Look below for the line that has "CoolMoon RGB Cooling"; output exactly from it through the line that has "Релиз Le travail du peintre", and leave the pictures out.
++++++++++
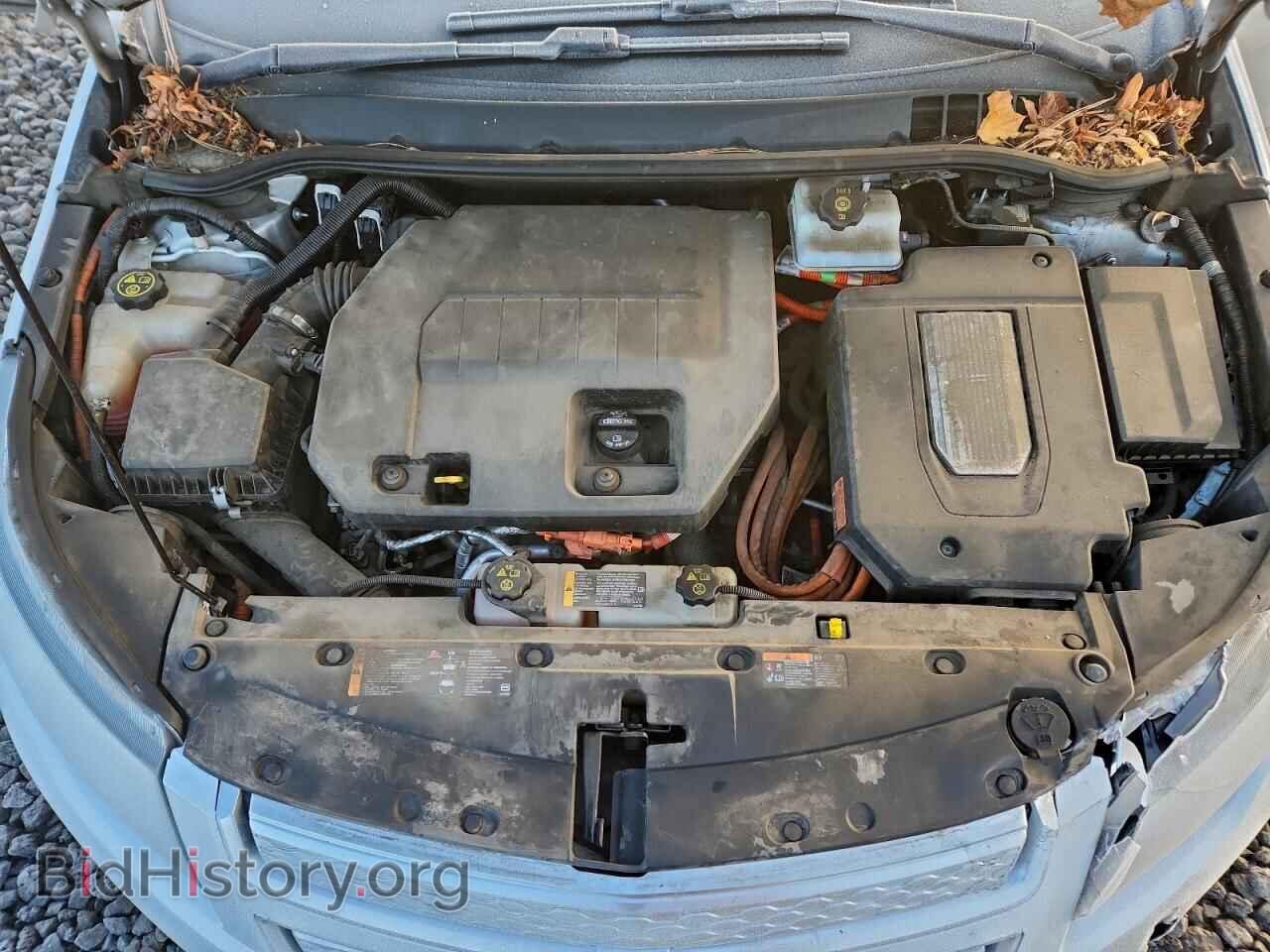 2015 CHEVROLET VOLT - VIN: 1G1RD6E42FU124792 - Фото 11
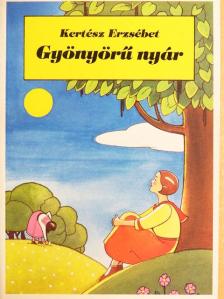 Kertész Erzsébet - Gyönyörű nyár [antikvár]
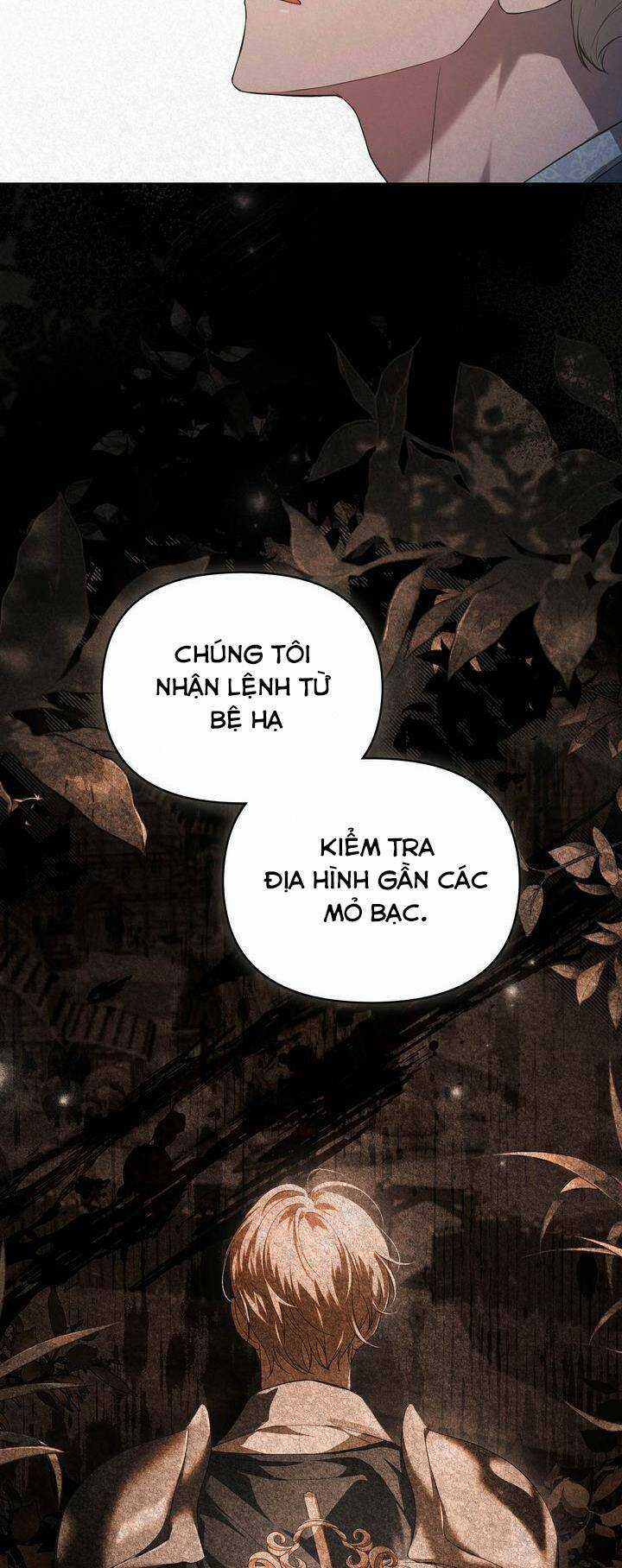 Ánh Trăng Đỏ Trong Đêm Chapter 9.1 trang 19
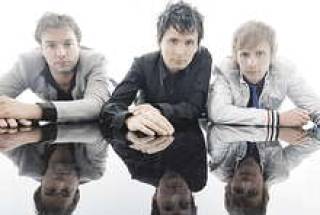 Группа Muse.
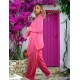 Fouxia Ribbed Matching Set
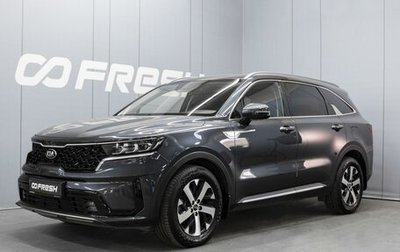KIA Sorento IV, 2021 год, 4 190 000 рублей, 1 фотография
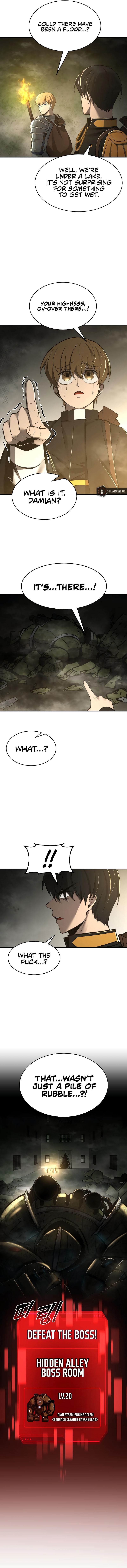Tyrant of the Tower Defense Game Chapter 40 - Page 20 in English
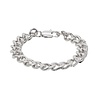 A.P.C. A.P.C. PARIS MINIMAL MAXI BRACELET ZILVER A.P.C. A.P.C. PARIS MINIMAL MAXI BRACELET ZILVER
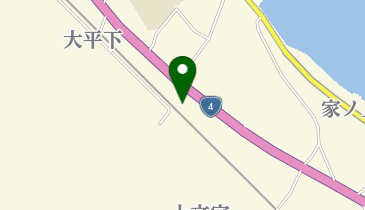 亀田左官工業の地図画像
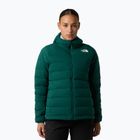 Moteriška pūsta striukė The North Face Abseil Stretch Down Hoodie hunter green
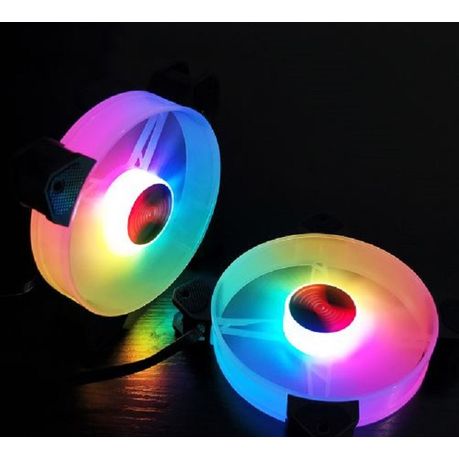 CoolMoon RGB Cooling Fan Kit - 3 Fans | Shop Today. Get it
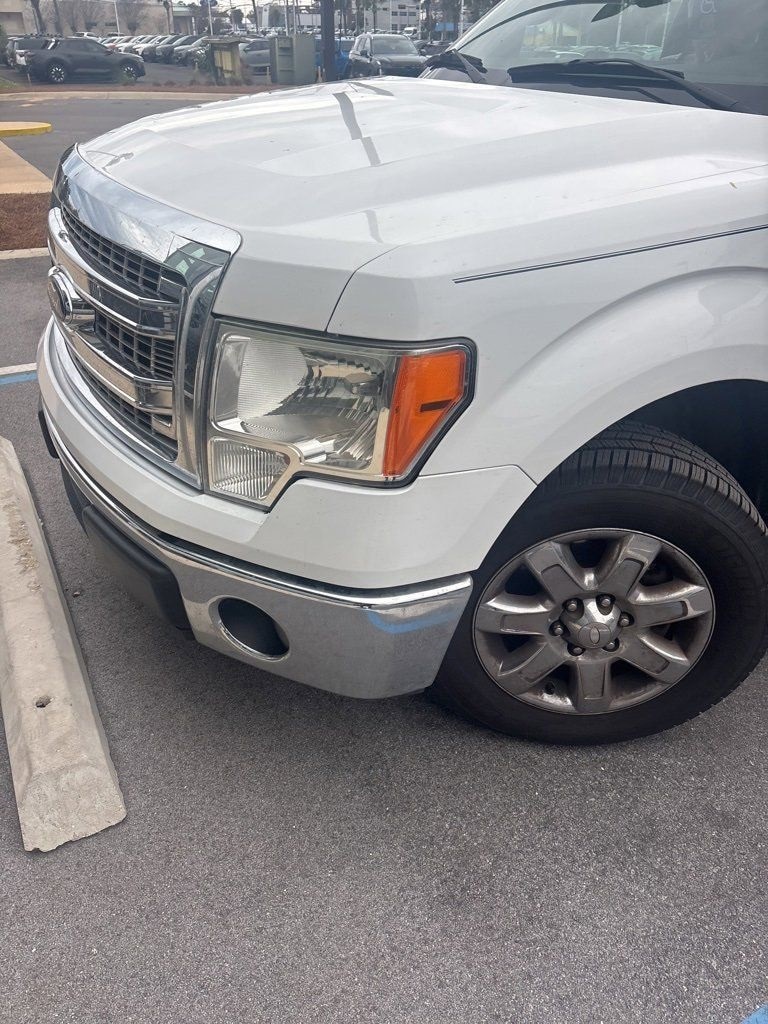 2013 Ford F-150 XLT
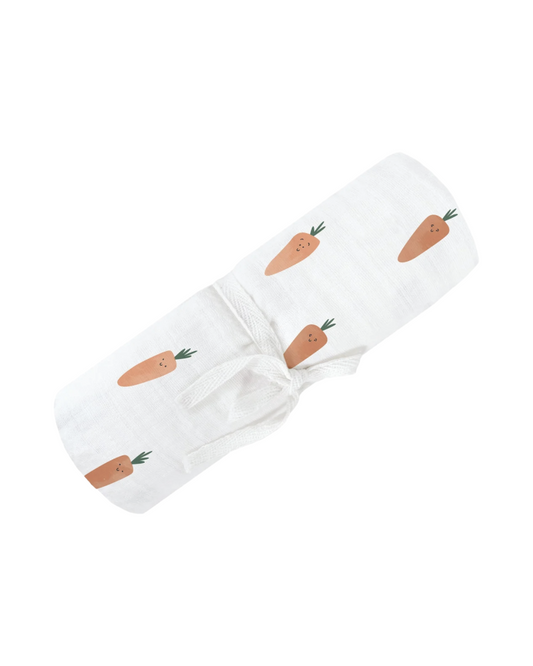 PerlimpinpinPerlimpinpin Couveture, Mousselines Neutre Blanc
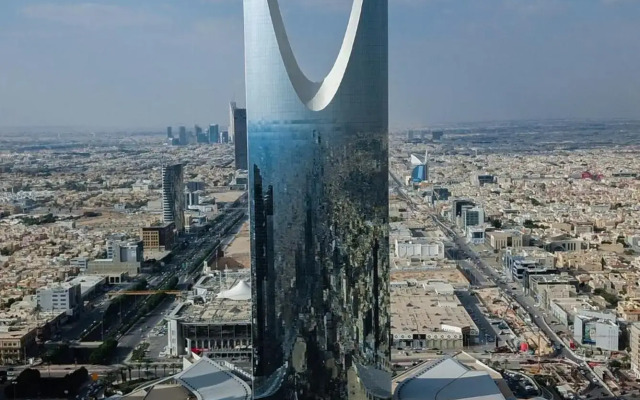 Holiday Inn Riyadh - Meydan by IHG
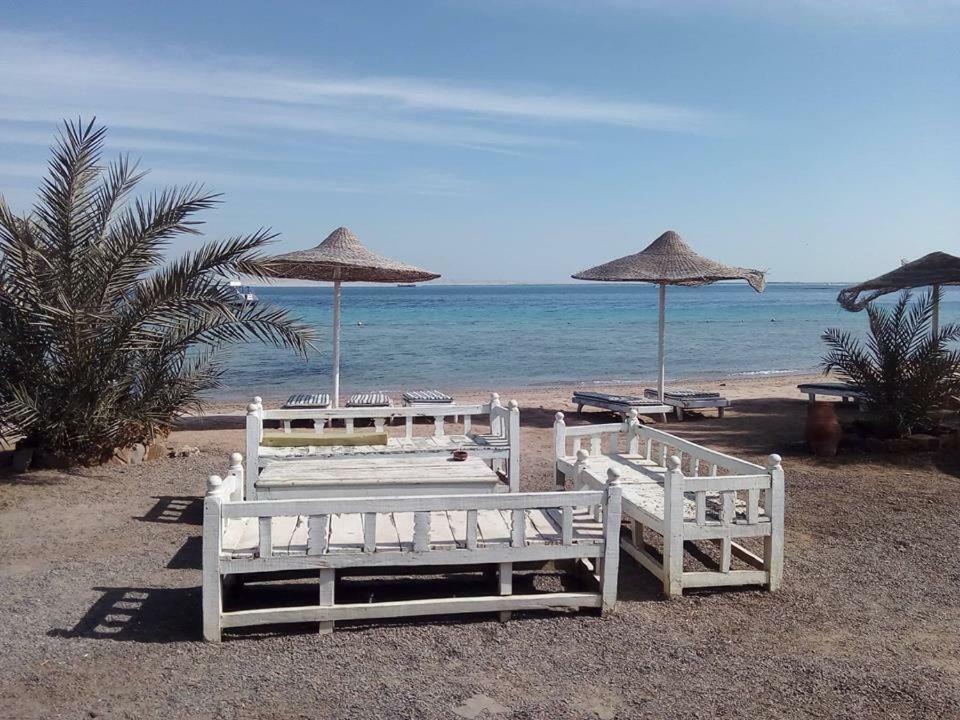 Apartman Eva Hurghada Eksteriør billede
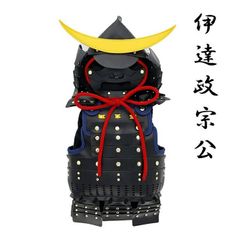 武将シリーズ ヘッドカバー 伊達政宗 カバー ドライバー用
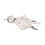 Soothing Bell Security Blanket for Infants 1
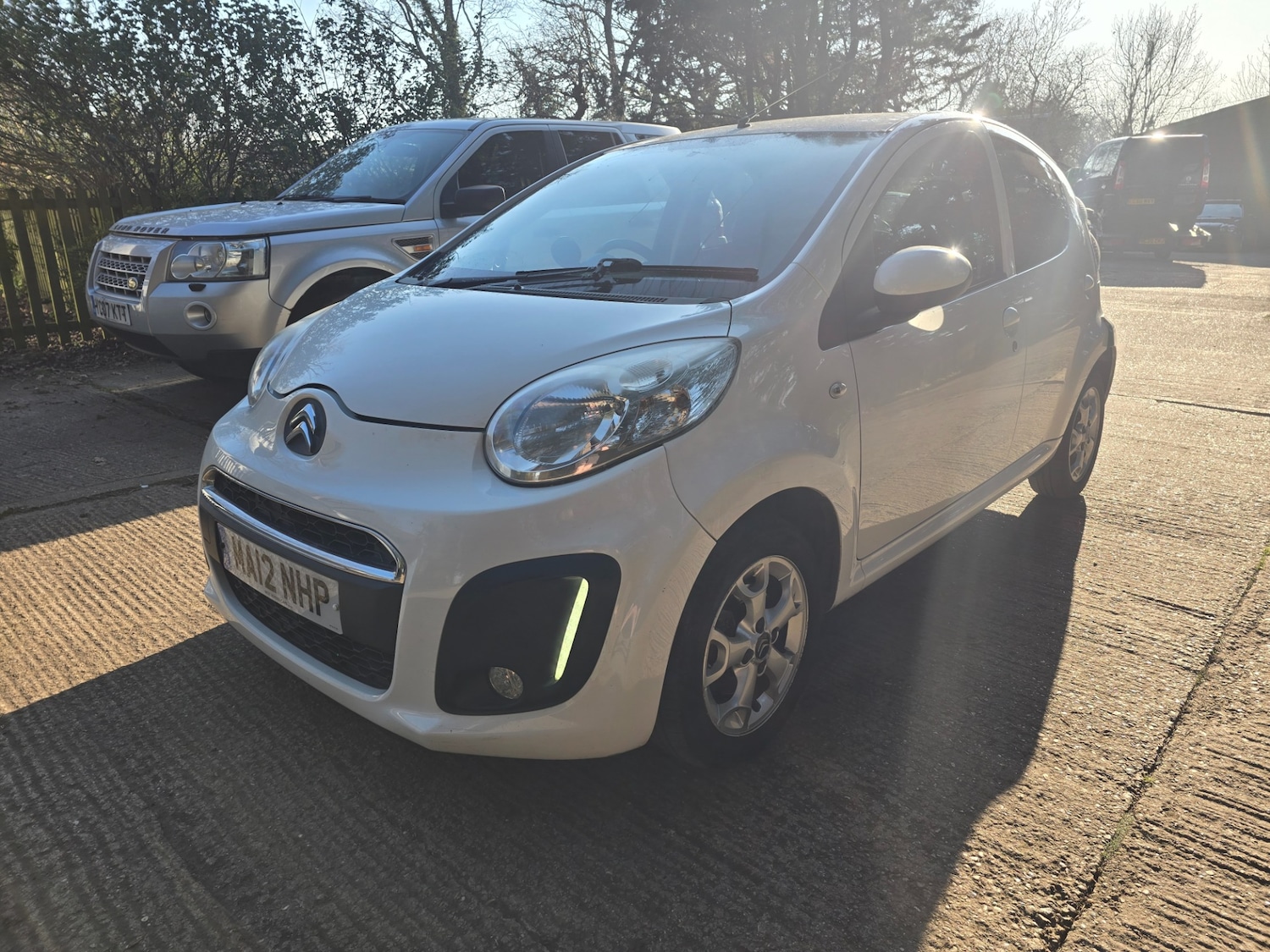 Used Citroen C1 2012 for sale - 77952211: Photo 5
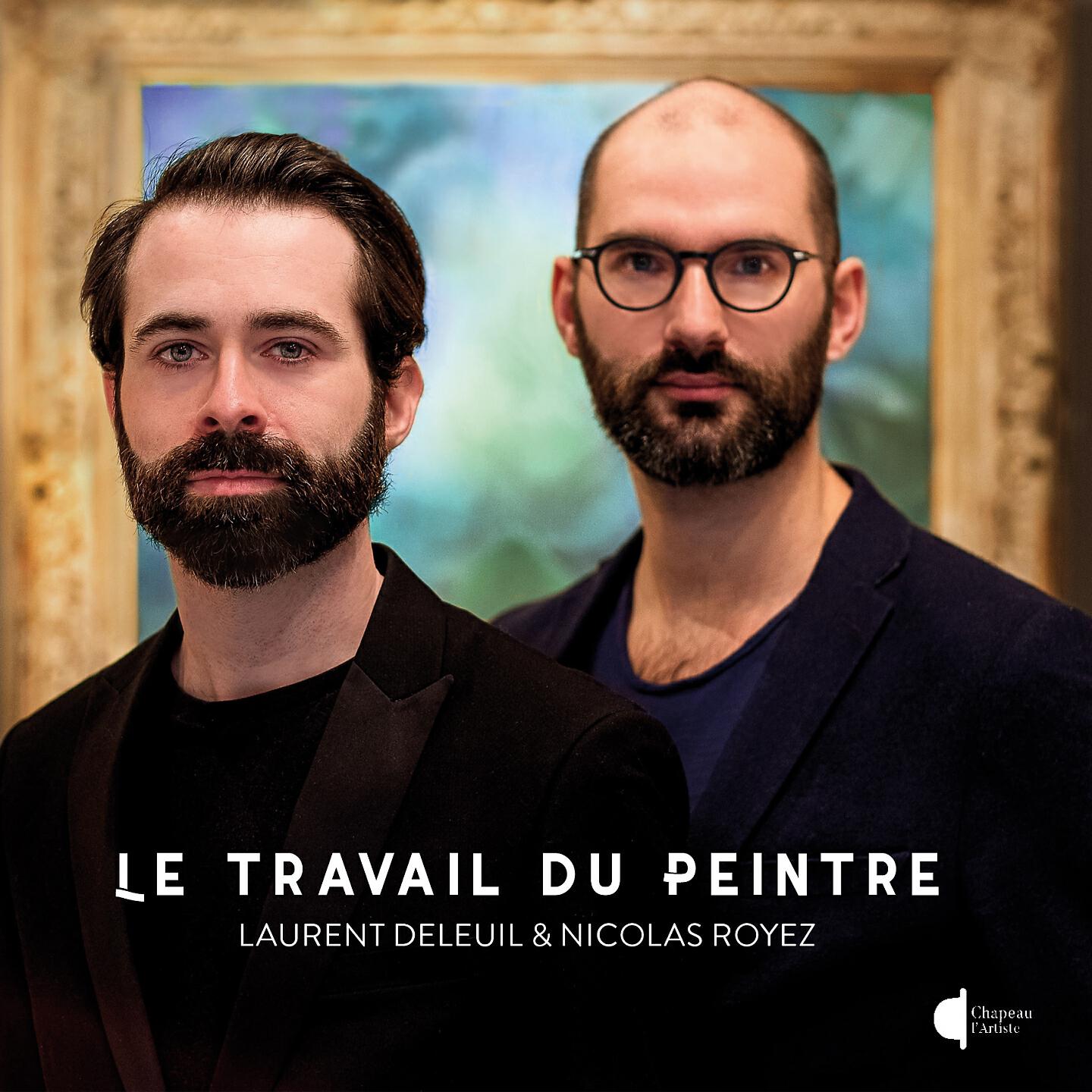 Релиз Le travail du peintre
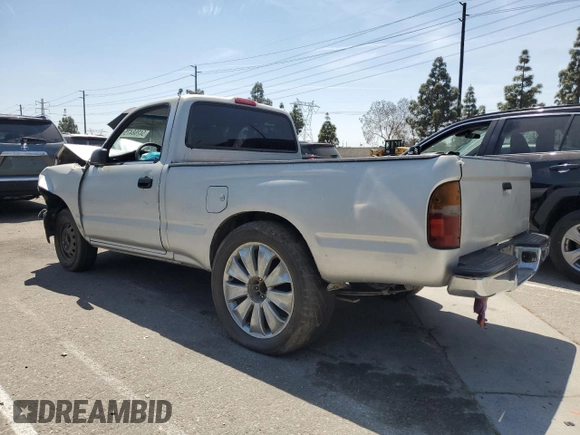 1998 Toyota Tacoma with VIN 4TANL42N2WZ015984, listed as a Copart auction lot 54268475 with 219,061 mi miles and Salvage Title. Bid and sale history available at carsss.com. Image 2.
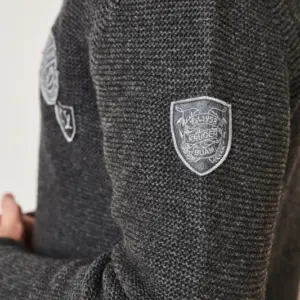 Strickhoodie Bastian – Bild 3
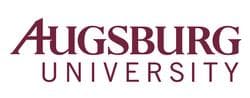 Augsburg University logo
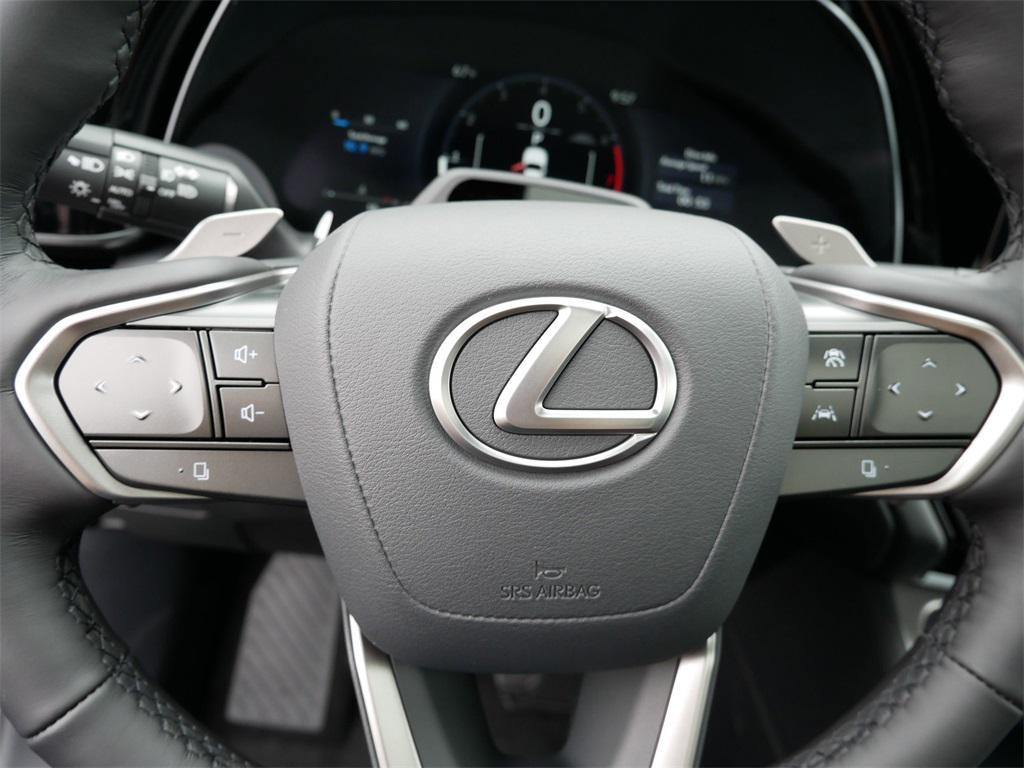 new 2025 Lexus TX 350 car, priced at $72,244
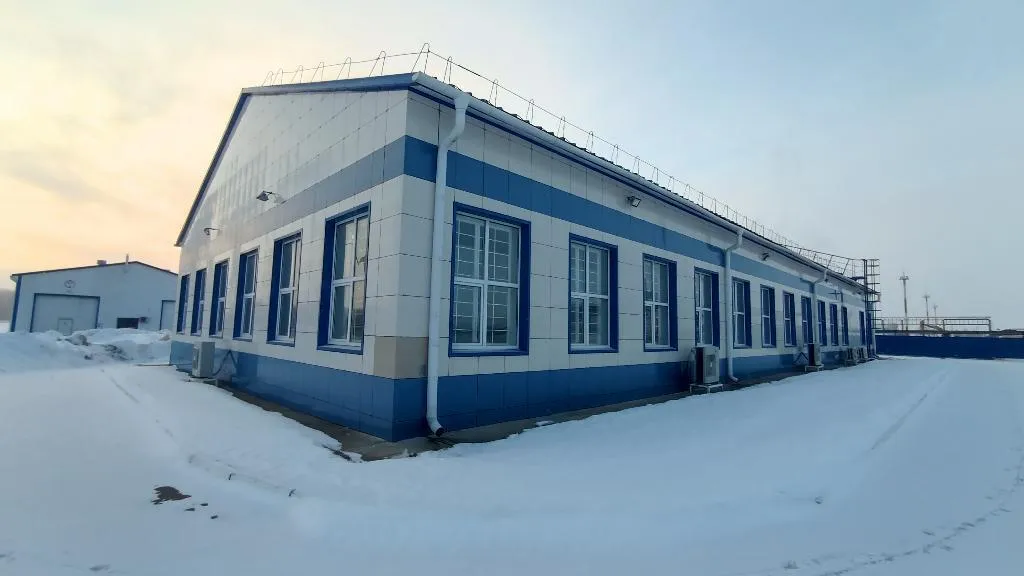 В Луховицах закончили реставрацию здания архива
++++++++++
Response to this exercise ▸
 CoolMoon RGB Cooling Fan Kit - 3 Fans | Shop Today. Get it
 2013 Ford F-150 XLT
 PerlimpinpinPerlimpinpin Couveture, Mousselines Neutre Blanc
 Holiday Inn Riyadh - Meydan by IHG
 Apartman Eva Hurghada Eksteriør billede
 武将シリーズ ヘッドカバー 伊達政宗 カバー ドライバー用
 Soothing Bell Security Blanket for Infants 1
 Used Citroen C1 2012 for sale - 77952211: Photo 5
 Релиз Le travail du peintre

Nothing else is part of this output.